Chen Chi (Chinese, American, 1912 to 2005)

The use of the hand scroll in Chinese painting appears to have evolved some three thousand years ago, from the practice of binding and rolling written documents to facilitate storage.[1] Painting in this format likely originated as a means of embellishing text through illustration. Paper (or silk) would be attached at the left to a round wooden roller upon which it was wound for storage, and at right was stretched by a wooden stave. The painting could be gradually unrolled and viewed as one reads in Chinese, from right to left, allowing for a pacing of the pictorial narrative. This, “among the greatest of Chinese contributions to the art of painting,” prefigured the invention of the motion picture.[2]

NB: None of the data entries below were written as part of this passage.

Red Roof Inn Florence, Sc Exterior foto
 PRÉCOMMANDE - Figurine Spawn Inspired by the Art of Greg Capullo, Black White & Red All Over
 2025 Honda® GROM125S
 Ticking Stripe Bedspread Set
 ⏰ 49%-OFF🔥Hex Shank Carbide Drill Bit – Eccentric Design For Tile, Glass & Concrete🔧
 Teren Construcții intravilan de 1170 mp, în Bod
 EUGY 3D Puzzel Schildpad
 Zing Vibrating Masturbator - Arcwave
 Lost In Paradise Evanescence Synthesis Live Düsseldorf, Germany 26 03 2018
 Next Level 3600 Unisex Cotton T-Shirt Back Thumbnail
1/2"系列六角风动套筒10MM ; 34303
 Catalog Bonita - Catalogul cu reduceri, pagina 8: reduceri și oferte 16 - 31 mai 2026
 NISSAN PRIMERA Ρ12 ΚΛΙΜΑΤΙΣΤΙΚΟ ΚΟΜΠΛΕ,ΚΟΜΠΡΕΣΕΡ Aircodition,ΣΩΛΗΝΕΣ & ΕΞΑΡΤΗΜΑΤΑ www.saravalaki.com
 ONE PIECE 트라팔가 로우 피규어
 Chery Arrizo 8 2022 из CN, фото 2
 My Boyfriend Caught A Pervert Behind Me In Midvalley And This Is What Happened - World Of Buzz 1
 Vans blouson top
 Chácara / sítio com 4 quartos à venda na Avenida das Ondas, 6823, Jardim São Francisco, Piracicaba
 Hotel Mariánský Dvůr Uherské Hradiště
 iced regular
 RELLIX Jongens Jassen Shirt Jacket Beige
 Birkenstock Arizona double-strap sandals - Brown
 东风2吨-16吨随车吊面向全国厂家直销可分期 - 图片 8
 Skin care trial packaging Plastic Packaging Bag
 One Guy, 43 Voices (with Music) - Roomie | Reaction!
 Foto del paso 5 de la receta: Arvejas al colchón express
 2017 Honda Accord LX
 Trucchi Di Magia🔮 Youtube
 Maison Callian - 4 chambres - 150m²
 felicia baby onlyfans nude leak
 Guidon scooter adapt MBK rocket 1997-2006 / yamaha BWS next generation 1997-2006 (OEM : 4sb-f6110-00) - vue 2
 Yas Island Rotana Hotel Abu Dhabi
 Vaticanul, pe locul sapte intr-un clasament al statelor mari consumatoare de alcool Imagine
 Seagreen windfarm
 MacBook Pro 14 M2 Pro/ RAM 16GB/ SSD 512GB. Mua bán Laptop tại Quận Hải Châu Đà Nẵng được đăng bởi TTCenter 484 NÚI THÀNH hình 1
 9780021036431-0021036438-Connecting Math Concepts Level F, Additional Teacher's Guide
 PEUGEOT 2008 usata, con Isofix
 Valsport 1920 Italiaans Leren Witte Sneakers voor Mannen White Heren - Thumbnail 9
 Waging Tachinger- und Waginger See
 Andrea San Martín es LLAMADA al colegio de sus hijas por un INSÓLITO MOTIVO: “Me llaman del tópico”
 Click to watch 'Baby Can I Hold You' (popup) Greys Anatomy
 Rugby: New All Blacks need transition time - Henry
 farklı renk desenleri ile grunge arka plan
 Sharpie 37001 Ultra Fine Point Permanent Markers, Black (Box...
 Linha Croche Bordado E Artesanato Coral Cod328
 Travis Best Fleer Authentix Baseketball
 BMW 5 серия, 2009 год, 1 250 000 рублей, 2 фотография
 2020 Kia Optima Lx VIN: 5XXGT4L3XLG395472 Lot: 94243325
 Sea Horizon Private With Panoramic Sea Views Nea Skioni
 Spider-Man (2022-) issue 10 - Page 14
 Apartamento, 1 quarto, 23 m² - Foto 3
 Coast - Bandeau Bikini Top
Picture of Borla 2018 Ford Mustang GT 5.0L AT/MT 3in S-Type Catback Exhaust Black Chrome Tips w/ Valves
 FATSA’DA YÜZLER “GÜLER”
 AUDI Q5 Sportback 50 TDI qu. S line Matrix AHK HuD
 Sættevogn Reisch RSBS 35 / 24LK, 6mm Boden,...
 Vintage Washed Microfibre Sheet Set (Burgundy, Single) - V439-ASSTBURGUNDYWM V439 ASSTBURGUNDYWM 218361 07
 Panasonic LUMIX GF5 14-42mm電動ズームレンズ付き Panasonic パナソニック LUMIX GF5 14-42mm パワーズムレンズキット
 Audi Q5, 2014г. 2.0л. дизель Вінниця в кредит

Chen Chi’s work is consistent with some of the conventions of Chinese painting, and at variance with others. In format the traditional hand scrolls were usually about a foot high; the current example measures 4.50 feet by 14 feet. Hanging scrolls, which were intended to be viewed in their entirety all at once, were vertical in format, so it’s fair to say that Chi appropriated elements of both formats, and that the present picture may be appreciated either as an ‘all at once’ composition, or as one whose movement carries the eye across the sheet. The motion provided by the fish–whose spots of gold animate a serenely abstract backdrop’ is contrary to the traditional ‘reading’, in that the primary action here begins on the left side and reaches its conclusion at the right, where a circle of koi surround the painting’s lightest area.

The chromatic saturation of an entire sheet is also at odds with Eastern tradition, which valued the elegance of calligraphic line and the presence of blank paper “if you have ink, you have all the five colors.” Color was to be avoided, largely due to a distrust of the decadent emotional qualities it was thought to embody[3] (In Western painting, the belief appears to have had a parallel in the preference for line that ran at least from the Florentines through Ingres). In this respect, too, Chi’s watercolor displays his desire to integrate elements of Eastern and Western practice. Given a friend’s recollection that Chi saw “through the filter of French impressionism,”[4] comparisons to Monet’s late series of water lily paintings are inevitable for reasons of scale and composition. Of course, both artists borrowed freely from both cultures.

Unlike an oil painting on canvas, a watercolor of this size could not be painted on an upright easel. Chi usually worked over paper that was laid flat on the floor of his studio, which he kept for many years at the National Arts Club on Gramercy Park in Manhattan.

Chen Chi was born in China in 1912, and as a student belonged to the White Swan Art Club, a like-minded group interested in Impressionist and Post-Impressionist art.[5] In 1947 he came to the United States, and was a U.S. citizen by 1964. Chi wrote numerous books and exhibited widely in the United Sates and China, where two museums bear his name, one at Jiao Tong University in Shanghai, and the other in his hometown of Wusih.

Jerry N. Weiss

[1] Jerome Silbergeld, Chinese Painting Style: Media, Methods, and Principles of Form, Seattle, University of Washington Press, 1992), 12.

[2] Silbergeld, 13.

[3] Silbergeld, 25-27.

[4] Raymond J. Steiner, Chen Chi (1912-2005): In Memoriam (Art Times, September 2005).